Credit Bureau Reporting after Bankruptcy if you did not re-affirm.
Why are my payment not showing up or being reported to the Credit bureau after I filed Bankruptcy?
If you filed bankruptcy, your mortgage bank must stop taking any automatic payments and “attempting to collect a debt” during the bankruptcy. Since bankruptcy legally discharges your responsibility to re-pay the mortgage loan, the mortgage bank will also usually stop sending you statements and stop reporting payments to the credit bureau because you legally do not owe the payments once you have received a discharge. The Mortgage Bank or Lender will start reporting payments and list your loan on the credit bureaus if you re-affirm your mortgage debt, meaning you re-affirm or re-obligate yourself to the debt owed to the bank after your bankruptcy. These agreements must be filed with the court and accepted before entry of the Discharge Order which occurs 60 days after the initial 341 meeting in a chapter 7 bankruptcy.
Why would the bank continue to accept or take payments and not give you credit for them?

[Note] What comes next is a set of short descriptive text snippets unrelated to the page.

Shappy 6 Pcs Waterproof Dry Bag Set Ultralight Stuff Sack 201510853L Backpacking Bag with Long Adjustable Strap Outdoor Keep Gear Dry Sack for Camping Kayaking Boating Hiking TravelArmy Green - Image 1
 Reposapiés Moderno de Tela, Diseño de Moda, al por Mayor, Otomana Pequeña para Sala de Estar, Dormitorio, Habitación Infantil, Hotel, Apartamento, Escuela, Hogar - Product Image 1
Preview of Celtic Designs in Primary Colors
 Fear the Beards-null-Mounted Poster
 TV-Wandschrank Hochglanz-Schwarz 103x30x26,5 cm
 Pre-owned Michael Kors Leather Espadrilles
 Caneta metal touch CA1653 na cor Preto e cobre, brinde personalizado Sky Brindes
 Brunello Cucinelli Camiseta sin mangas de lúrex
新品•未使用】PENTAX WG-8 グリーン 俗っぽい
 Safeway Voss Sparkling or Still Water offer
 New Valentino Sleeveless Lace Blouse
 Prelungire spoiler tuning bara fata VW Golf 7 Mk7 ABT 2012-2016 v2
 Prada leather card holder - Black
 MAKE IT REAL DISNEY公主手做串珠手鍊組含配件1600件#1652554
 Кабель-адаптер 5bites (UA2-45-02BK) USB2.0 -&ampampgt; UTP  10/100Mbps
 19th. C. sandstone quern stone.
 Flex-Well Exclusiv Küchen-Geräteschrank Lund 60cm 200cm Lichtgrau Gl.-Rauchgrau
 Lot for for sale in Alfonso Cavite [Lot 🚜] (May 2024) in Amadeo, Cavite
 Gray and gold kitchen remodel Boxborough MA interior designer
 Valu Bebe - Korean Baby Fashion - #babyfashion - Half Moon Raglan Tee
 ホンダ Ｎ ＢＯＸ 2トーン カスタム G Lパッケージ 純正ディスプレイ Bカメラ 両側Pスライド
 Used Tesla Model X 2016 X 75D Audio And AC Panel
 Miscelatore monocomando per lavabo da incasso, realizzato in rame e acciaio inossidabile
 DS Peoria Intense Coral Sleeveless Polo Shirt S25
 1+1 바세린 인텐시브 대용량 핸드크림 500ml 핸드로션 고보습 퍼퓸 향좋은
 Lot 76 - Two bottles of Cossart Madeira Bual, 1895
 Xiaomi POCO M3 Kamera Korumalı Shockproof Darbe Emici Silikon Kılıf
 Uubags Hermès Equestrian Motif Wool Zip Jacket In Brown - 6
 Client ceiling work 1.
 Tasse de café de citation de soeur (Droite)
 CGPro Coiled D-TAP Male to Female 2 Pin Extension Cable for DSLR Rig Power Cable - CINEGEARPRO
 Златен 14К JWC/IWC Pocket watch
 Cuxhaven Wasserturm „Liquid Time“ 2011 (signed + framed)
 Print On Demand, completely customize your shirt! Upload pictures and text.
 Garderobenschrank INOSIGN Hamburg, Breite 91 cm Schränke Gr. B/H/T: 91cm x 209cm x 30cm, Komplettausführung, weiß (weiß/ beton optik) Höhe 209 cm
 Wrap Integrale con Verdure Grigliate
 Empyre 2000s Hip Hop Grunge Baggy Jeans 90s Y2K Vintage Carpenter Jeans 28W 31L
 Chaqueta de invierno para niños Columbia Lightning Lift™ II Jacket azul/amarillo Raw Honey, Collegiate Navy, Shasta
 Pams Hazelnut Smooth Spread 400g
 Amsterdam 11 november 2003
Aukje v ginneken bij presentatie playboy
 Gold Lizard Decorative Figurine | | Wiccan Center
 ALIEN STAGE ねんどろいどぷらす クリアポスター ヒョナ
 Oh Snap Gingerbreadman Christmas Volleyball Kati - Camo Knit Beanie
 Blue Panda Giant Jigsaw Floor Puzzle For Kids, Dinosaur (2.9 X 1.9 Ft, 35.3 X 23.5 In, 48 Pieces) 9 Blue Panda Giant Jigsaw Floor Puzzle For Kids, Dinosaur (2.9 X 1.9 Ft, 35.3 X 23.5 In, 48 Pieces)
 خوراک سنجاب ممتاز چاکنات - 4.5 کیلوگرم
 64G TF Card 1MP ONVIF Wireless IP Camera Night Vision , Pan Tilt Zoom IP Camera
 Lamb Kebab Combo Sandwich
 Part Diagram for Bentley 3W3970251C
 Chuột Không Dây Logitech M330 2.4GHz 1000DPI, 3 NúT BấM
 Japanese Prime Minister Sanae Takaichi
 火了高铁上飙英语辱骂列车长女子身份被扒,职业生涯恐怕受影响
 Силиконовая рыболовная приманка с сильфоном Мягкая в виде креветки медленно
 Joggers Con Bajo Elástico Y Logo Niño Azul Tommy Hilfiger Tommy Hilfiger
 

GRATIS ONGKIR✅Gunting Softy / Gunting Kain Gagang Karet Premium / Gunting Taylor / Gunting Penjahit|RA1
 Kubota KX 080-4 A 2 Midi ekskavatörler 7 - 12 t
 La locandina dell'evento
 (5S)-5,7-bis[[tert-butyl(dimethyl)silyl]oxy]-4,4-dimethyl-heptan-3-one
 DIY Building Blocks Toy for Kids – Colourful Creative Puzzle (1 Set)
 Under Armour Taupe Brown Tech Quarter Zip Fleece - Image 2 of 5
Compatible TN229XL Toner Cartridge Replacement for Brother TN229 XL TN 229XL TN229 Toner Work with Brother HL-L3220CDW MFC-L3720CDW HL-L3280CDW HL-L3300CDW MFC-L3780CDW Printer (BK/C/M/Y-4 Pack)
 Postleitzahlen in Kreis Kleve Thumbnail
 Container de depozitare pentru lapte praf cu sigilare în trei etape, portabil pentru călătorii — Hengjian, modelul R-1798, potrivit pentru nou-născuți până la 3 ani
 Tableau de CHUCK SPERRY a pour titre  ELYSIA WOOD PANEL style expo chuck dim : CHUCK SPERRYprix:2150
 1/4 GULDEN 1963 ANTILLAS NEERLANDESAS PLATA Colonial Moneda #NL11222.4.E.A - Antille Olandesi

The bank still has a lien on the house even though you legally have been discharged from paying the loan. Each payment you make reduces the lien amount the bank holds on the house and eventually will satisfy the mortgage when it is paid off. However, since you legally don’t owe the money, many bank’s positions are that the homeowner, debtor does not owe the money and therefore gets no recognition or credit for making payments it does not owe. The mortgage bank’s lien rights in the house are only allowed up to the amount they are legally owed so each payment reduces the lien rights but may not be reported to the credit burea.
Can I get my payments reported to the credit bureau if I did not re-affirm?
Some banks will start reporting to the credit bureaus again if the debtor requests this in writing. It must be sent to the specific bank holding your mortgage loan and it is up to the bank if they offer this because they legally do not have to report a debt that you no longer owe. See How filing Bankruptcy affects your mortgage loan.
Why don’t mortgage banks or lenders report to the Credit Bureaus if you did not re-affirm a mortgage loan?
When a debtor filed bankruptcy and received their discharge, bank's were abandoning the debt but not reporting it as charged off or satisfied with the credit bureau. For many borrowers, the credit report is the difference between getting a job and being turned down or the ability to get a new loan.
These debts still appeared on credit reports despite having been legally eliminated in bankruptcy. These are called zombie debt and many debtors felt forced to pay debts that they worked hard to discharge in bankruptcy just to get them off the credit report.
Lawsuits were filed with the largest banks regarding this practice of deliberately ignoring bankruptcy discharges to fetch more money when they sell off pools of bad debt to financial firms effectively holding borrowers' credit reports hostage, refusing to fix the mistakes unless people pay money for debts that they do not actually owe.
As part of the solution to this problem, banks would ensure that all debts discharged in Chapter 7 bankruptcy were correctly recorded. Therefore, mortgage loans that are not reaffirmed are also removed to protect the debtor from a credit report that shows debt they no longer legally owe.
What if a creditor reports incorrect information on my credit report?
If a creditor fails to report the discharged debt correctly or places any other false information on your credit report, it is a violation of the federal Fair Credit Reporting Act (FCRA). To sue under the FCRA, you must first dispute the debt with the credit bureaus. However, both the creditor and the credit bureaus could end up paying significant damages and your attorney’s fees, if the false information is not corrected. Speak to your attorney, if you find incorrect information on your credit report.